ASSIGNED TASK: At the line containing "Image 1 : large", begin an exact copy of the lines below and continue through the final one, with no pictures.

EXERCISE MATERIALS:
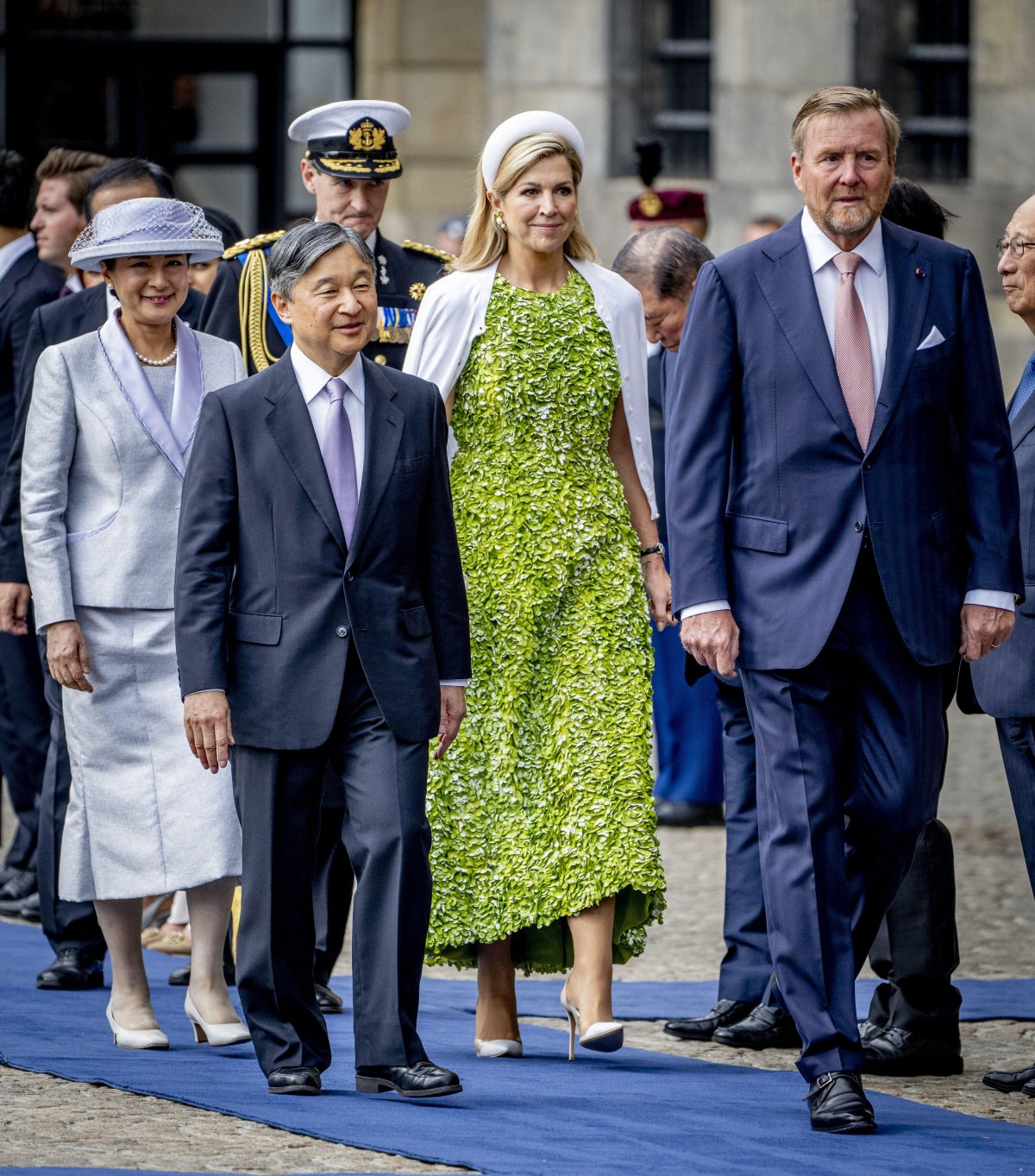 The King and Queen of the Netherlands welcome the Emperor and Empress of Japan at the start of their state visit in Amsterdam on June 17, 2026 (ROBIN UTRECHT/ANP/Alamy)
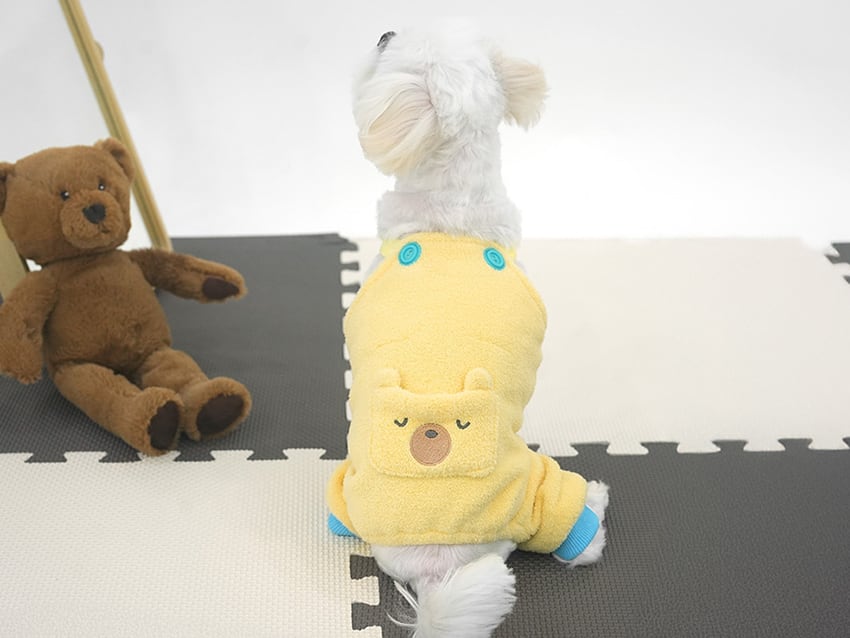 sleepy bear all in one set S ~ XL 2color / 犬服 秋冬 新作 もこもこ フリース オールインワン 帽子 セット 可愛い 犬の服 暖かい ドッグウェア ペット ワンコ服 小型犬 中型犬 猫 ロンパース tsu44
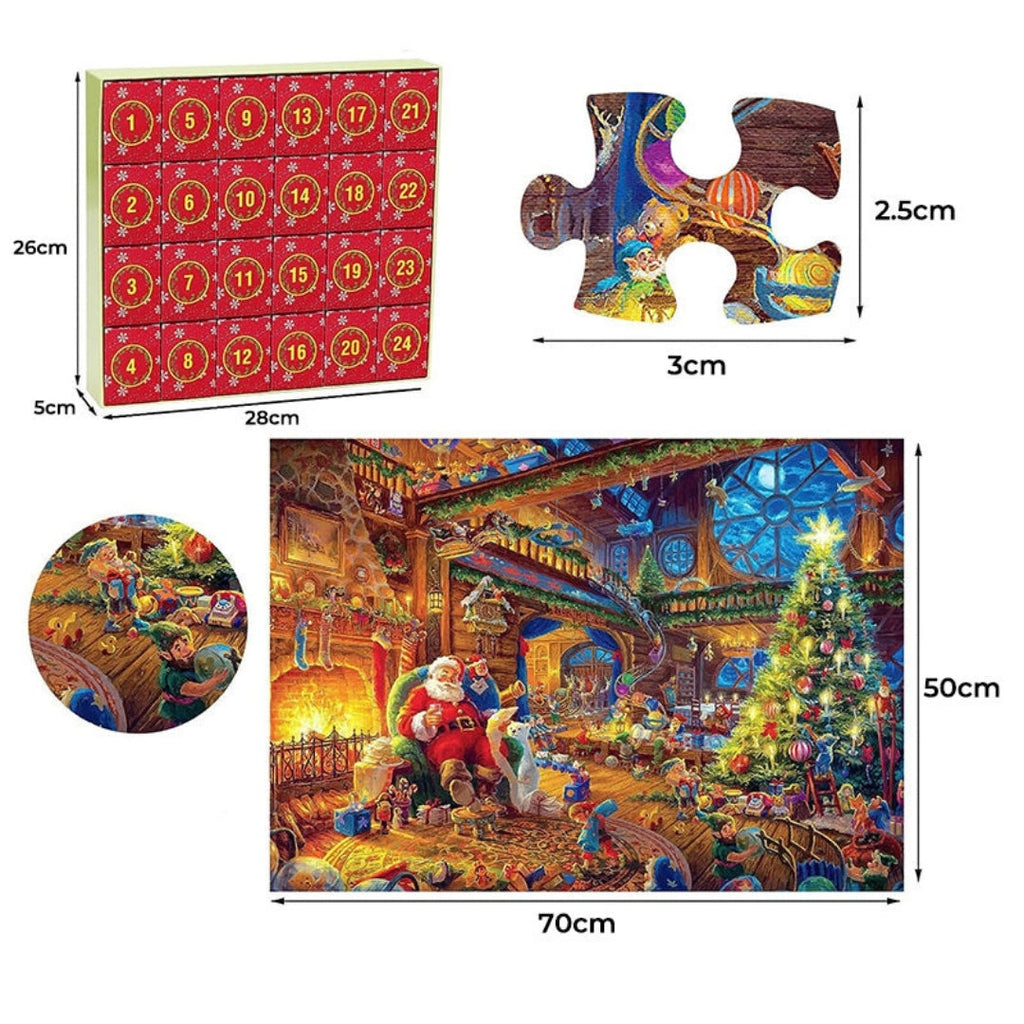 Adventní kalendář s vánočním puzzle o 1008 dílcích — denní sady po 42 dílcích
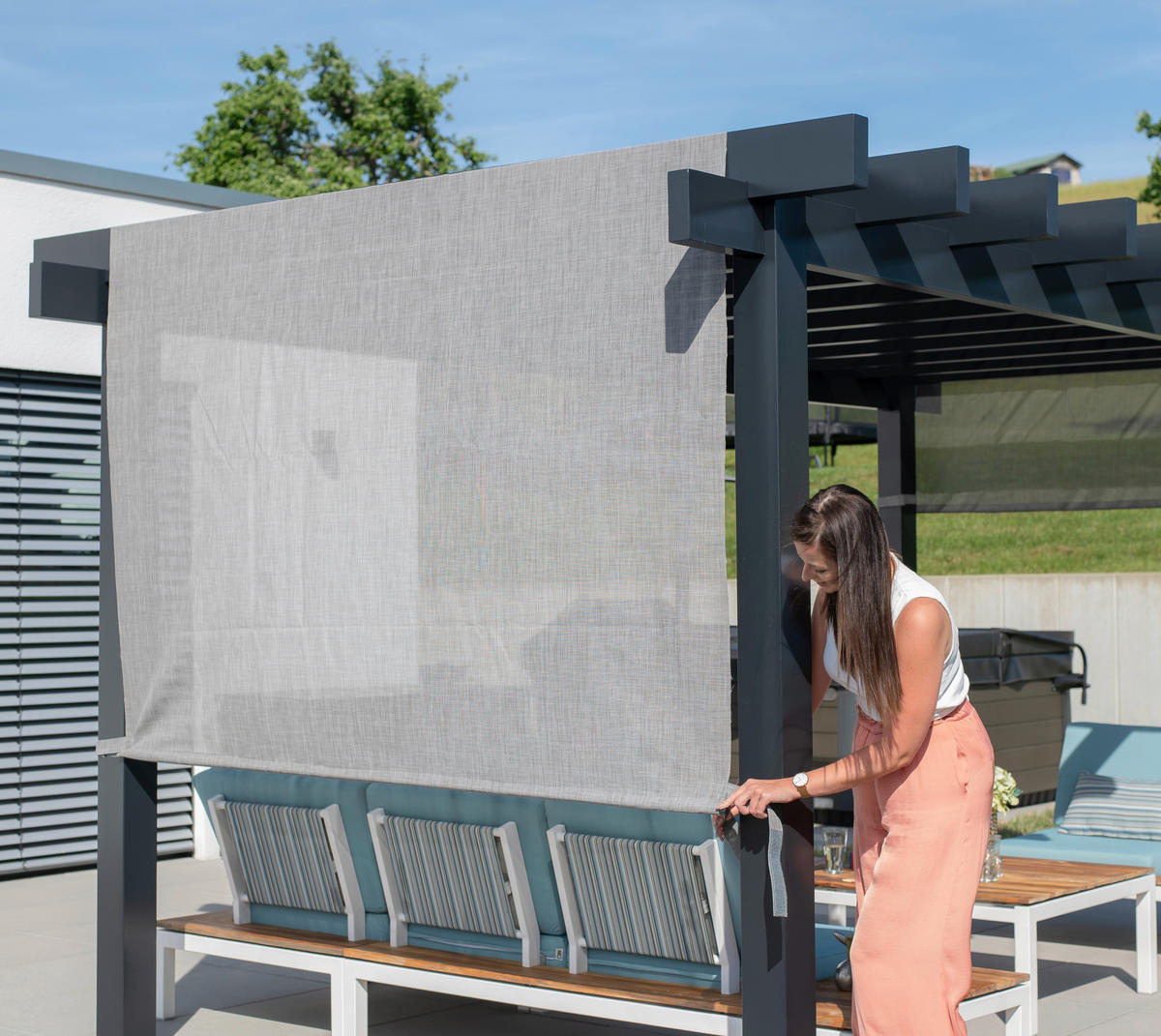 Sojag Pergola Yamba anthrazit Aluminium B/H/L: ca. 295x253x495 cm Yamba - anthrazit (495,00/295,00/253,00cm) - Sojag
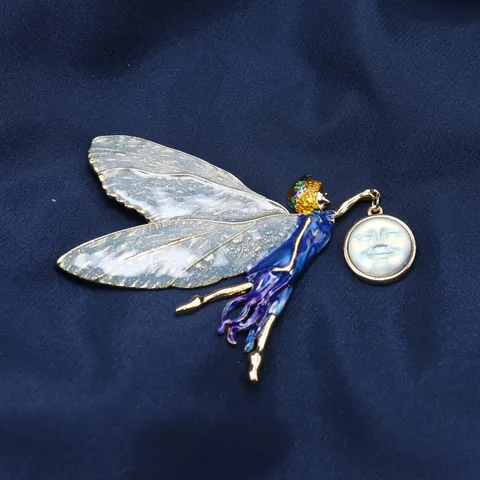 Spilla Pendente Vintage Medievale per Donna in Lega Smalto Strass Sole Luna Fata Angelo Accessori Gioielli Pesanti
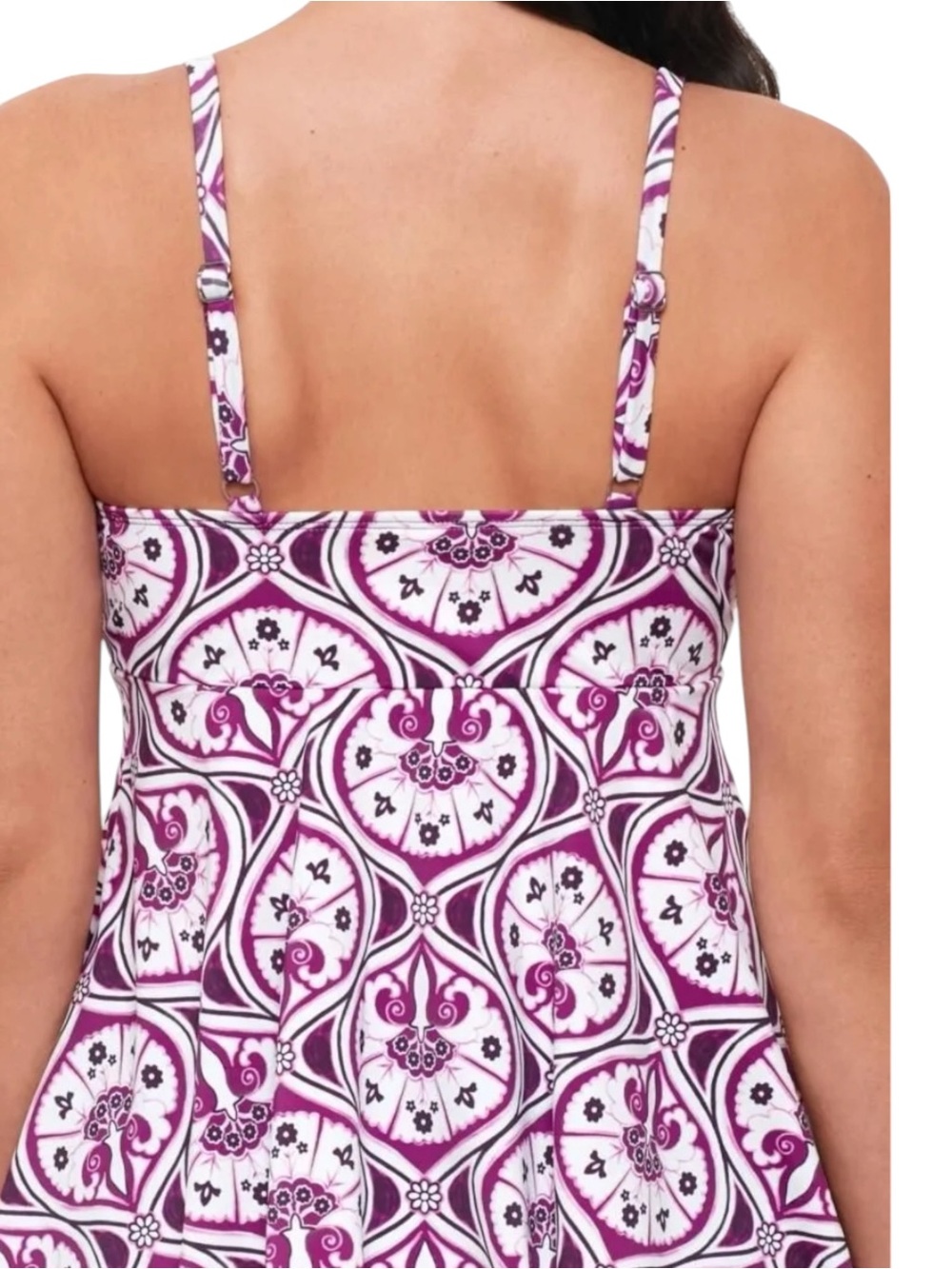 Swim Solutions Women’s Printed Nylon Tankini Swim Top White Magenta Size 16 NWT - Picture 3 of 9
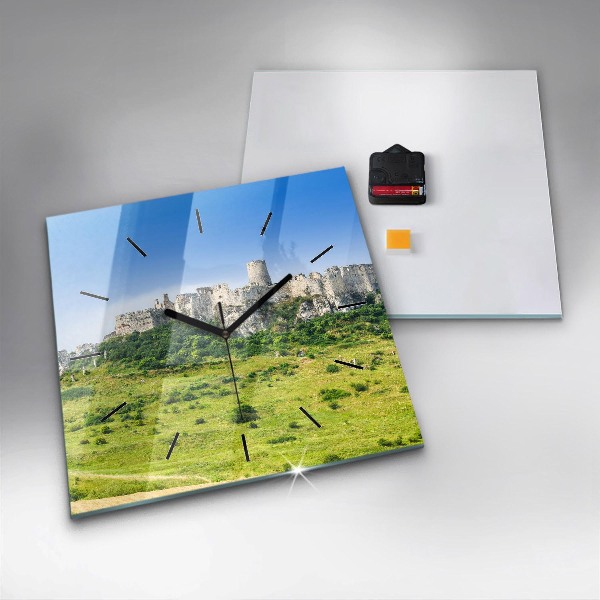Ceas pătrat de perete din sticlă Castelul Spiš din Slovacia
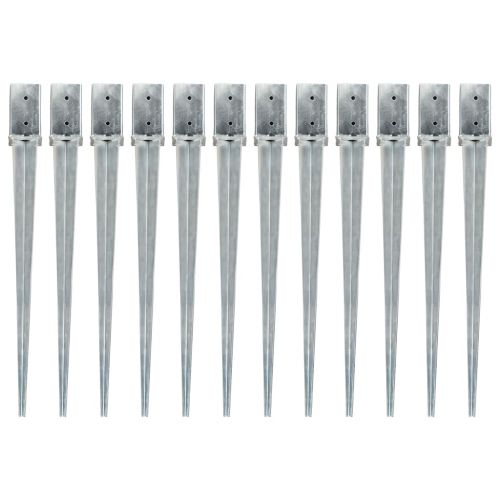 Заземителни колове 12 бр сребристи 8x8x91см поцинкована стомана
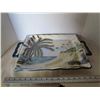 Image 1 : large 18" italian serving tray (beach scene)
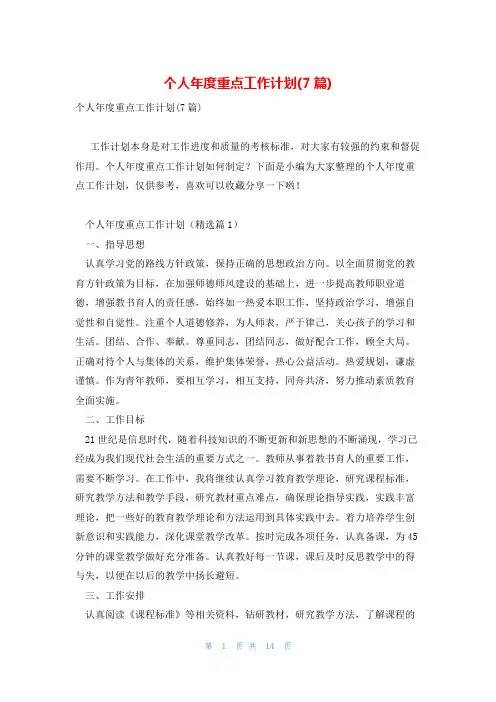 个人年度重点工作计划(7篇)
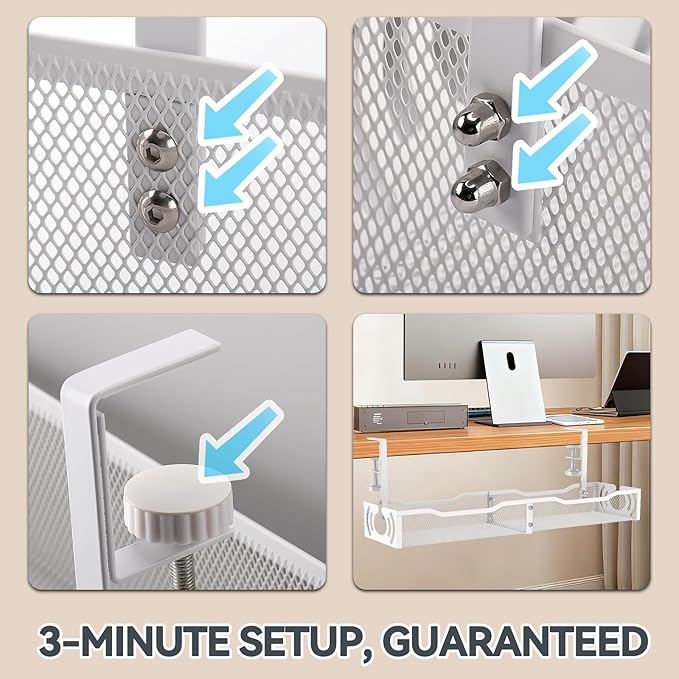 Cable Management, 25.3'' Under Desk Cable Management Tray No Drill, Metal Cable Organizer with Clamp for Wire Management, Cord Organizer for Home Office, Desk Accessories Organizer, White | Cable Raceways - TrueDesk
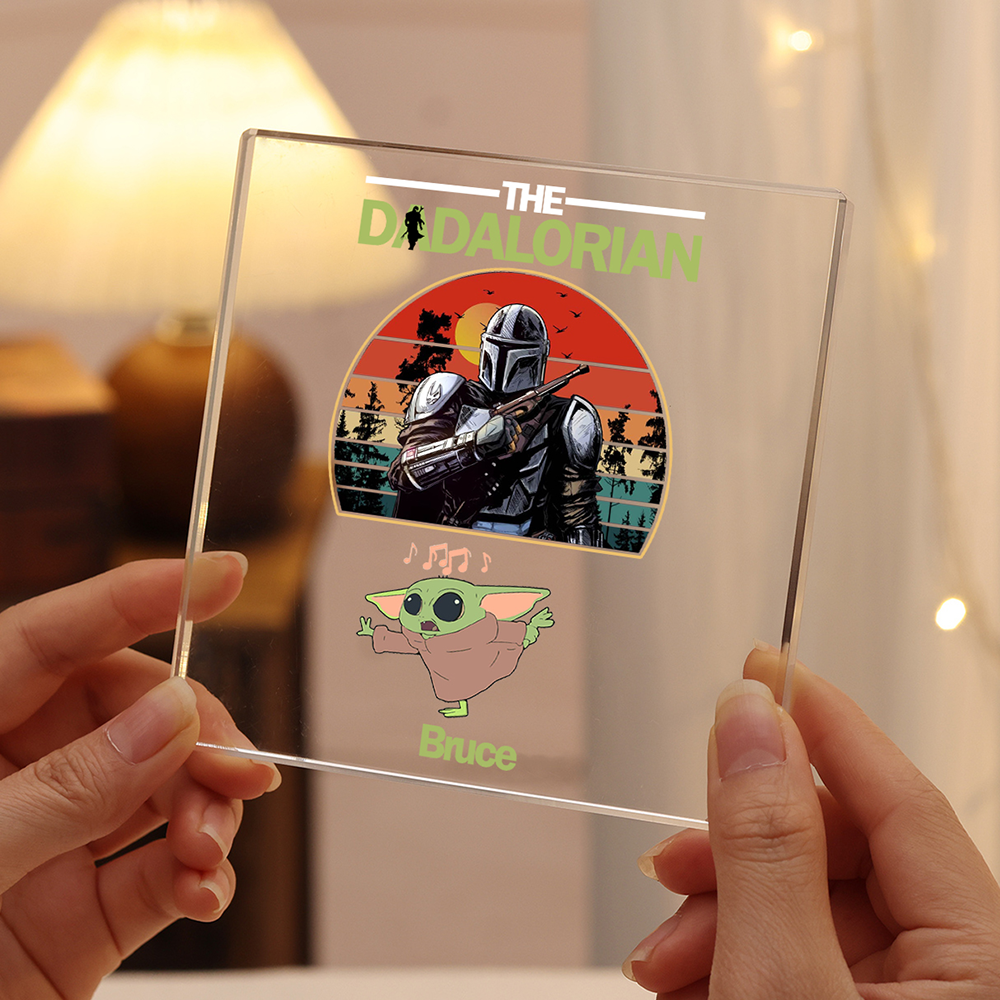 1 Name - Personalised Dadalorians Pattern Custom Name Acrylic Ornament Father's Day Gift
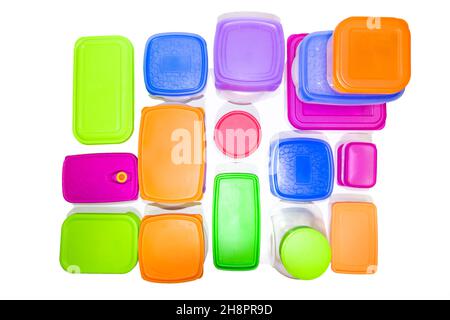 Top view of colorful plastic containers isolated on white background.. Batch cooking concept Stock Photo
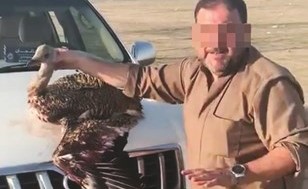 الوافد وهو يجاهر بقتل الحباري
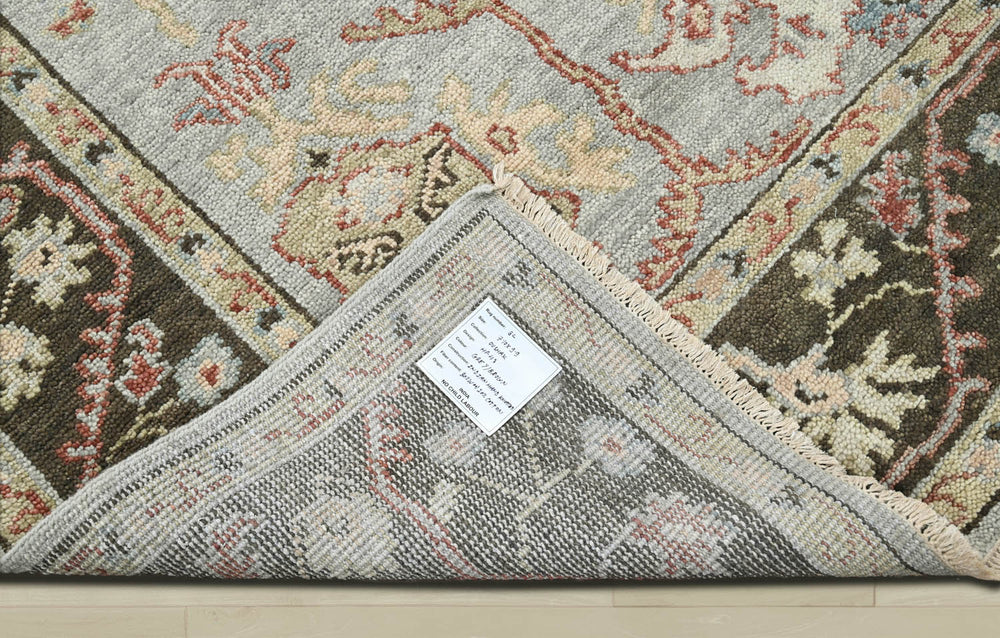 Multi Size Moss Graphite Peach Color Hand Knotted Oushak Wool Traditional Oriental Rug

ANSWER BOX:
 Image 1 : large 18" italian serving tray (beach scene)
 个人年度重点工作计划(7篇)
 Cable Management, 25.3'' Under Desk Cable Management Tray No Drill, Metal Cable Organizer with Clamp for Wire Management, Cord Organizer for Home Office, Desk Accessories Organizer, White | Cable Raceways - TrueDesk
 1 Name - Personalised Dadalorians Pattern Custom Name Acrylic Ornament Father's Day Gift
 Top view of colorful plastic containers isolated on white background.. Batch cooking concept Stock Photo
 الوافد وهو يجاهر بقتل الحباري
 Multi Size Moss Graphite Peach Color Hand Knotted Oushak Wool Traditional Oriental Rug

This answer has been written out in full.